To be transparent, I think all of those things are great and indeed healthy; I think they improve many people's lives. Yet, what I often see in my life and in the lives of those that I work with, is that we are trying incredibly hard just to not feel bad, or to feel ok. Let's just call it what it is though. The dirty truth many of us recognize in ourselves is that not feeling bad is not the same thing as feeling good. All of those things above are great and they will add to your quality of life, but their purpose is to enhance your life not sustain it. Generally, for most people, those things alone cannot do much more than fight off feeling totally awful when we're struggling emotionally (and sometimes not even that). So what what will truly help us feel good?


The secret to feeling good is to let yourself feel bad.


That's right. Now, read it again and ponder it for a second.


Now many people logically say in response, "well I've let myself feel bad before and all I did was feel awful before eventually continuing to fight just to feel ok again." Well, if I'm honest, anyone who said that would be correct! That's because the full sentence is actually: the secret to feeling good is to let yourself feel bad in the presence of internal empathy and validation (and external helps too!). That's just a lot harder an axiom to store in our minds than the spirit and impact of the distilled version.


How does this idea work you say? Well, many of us have felt strong negative emotion before and had the experience of someone who told us why we shouldn't feel so bad, what we should focus on instead, or generally tried to cheer us up. While well meaning, the underlying message of that behavior is: please stop feeling bad.


To take it a step further, a lot of times we don't even let ourselves go there because we repeat the responses we've received above and/or are genuinely afraid of what will happen or what we'll find. Will I ever stop feeling sad? Will the pain be too much? Will it even help? Will I become unstable? Will everyone leave if I'm that sad?
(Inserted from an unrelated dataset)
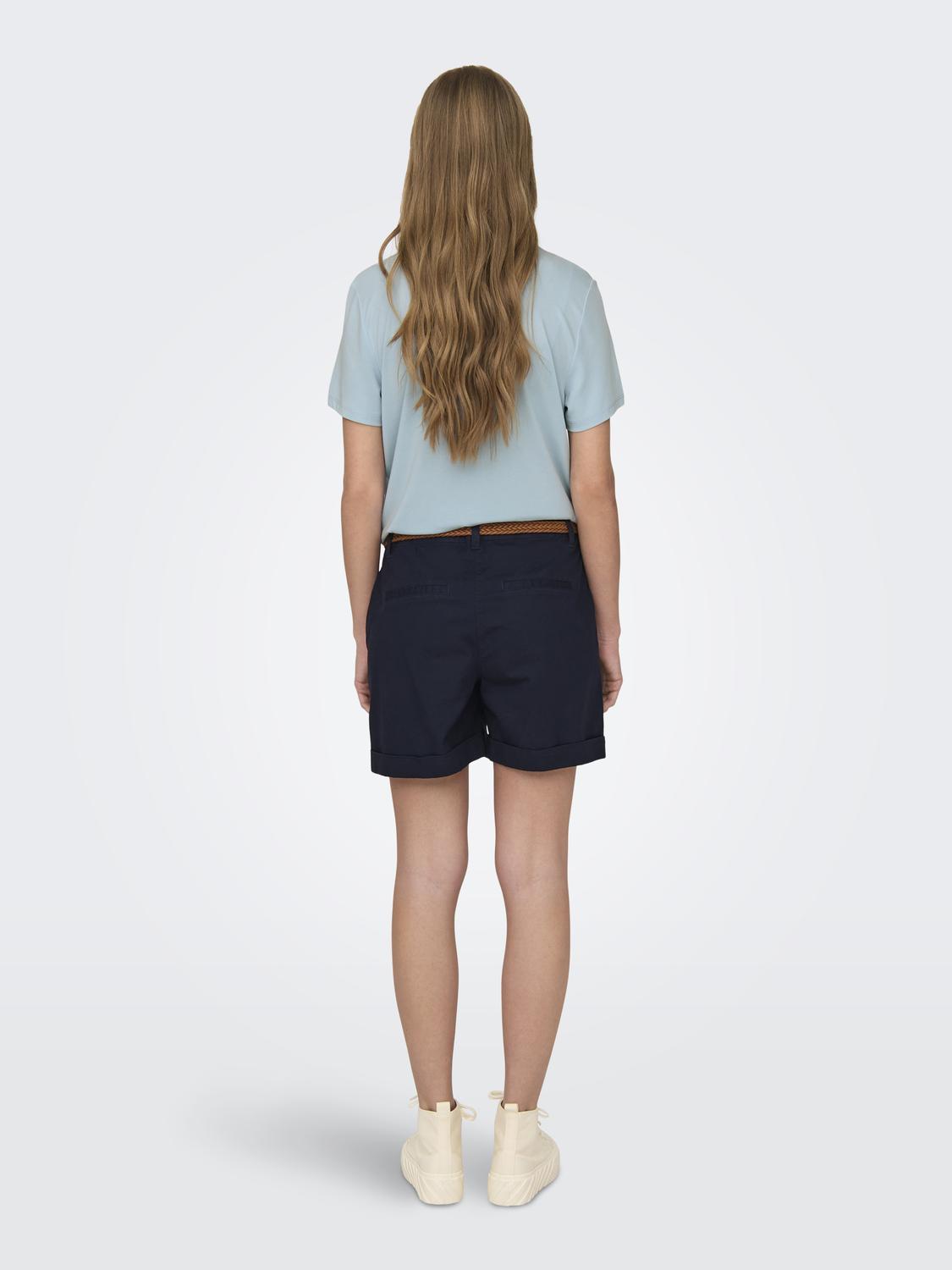 model_shot-back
I can tell you in having explored the fears of many folks that the bottom of that barrel is most often that we will end up being totally alone, totally unlovable, utterly hating our life, and/or wanting to die. Those are some scary thoughts. We know there's something deep and dark down there and we don't care to poke it or find out what it looks like. As a result, we are afraid of strong negative emotion and don't let ourselves feel it. Instead different parts of us wage wear against the part of us that is so sad to keep it from getting too sad or scary.
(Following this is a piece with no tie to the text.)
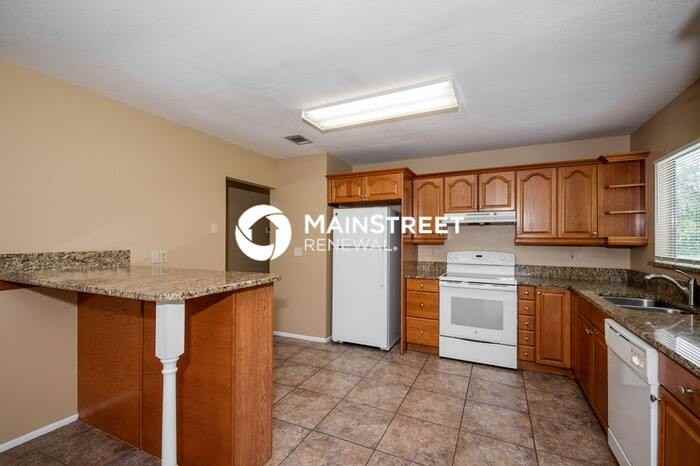 2536 Vestridge St - Photo 7 of 16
So while simple to understand, it's complex to let ourselves do it. To get to a place where you're ready to let yourself feel strong negative emotion while also feeling empathy and validation for what you had to go through. It is common to first need to try and deeply understand the fears that parts of us carry. Once that happens we are often more willing to let those strong negative emotions surface. Then comes the magic: letting yourself feel empathy for yourself and offer validating statements to yourself about the things you feel so sad, scared, or depressed about. Then just keep doing it until you feel better.


That last paragraph is especially hard for Americans. We pride ourselves on our hard work and toughness. This means to live up to our cultural ideal requires actually building the skill of ignoring how you feel to push through. That part of you that doesn't want to work that hard is the lazy, slovenly enemy worthy of biting criticism. If we make a mistake and can recall any moment when we relaxed and didn't produce something, we call ourselves lazy.


One tool to help find the bottom of your barrel is called Downward Arrow. Read this post to learn more about how to use when reflecting on the fears in to your efforts.


So there you go! If you can learn to let yourself feel bad with empathy and validation, you can start feeling good enough that all those other fantastic habits will enhance your life.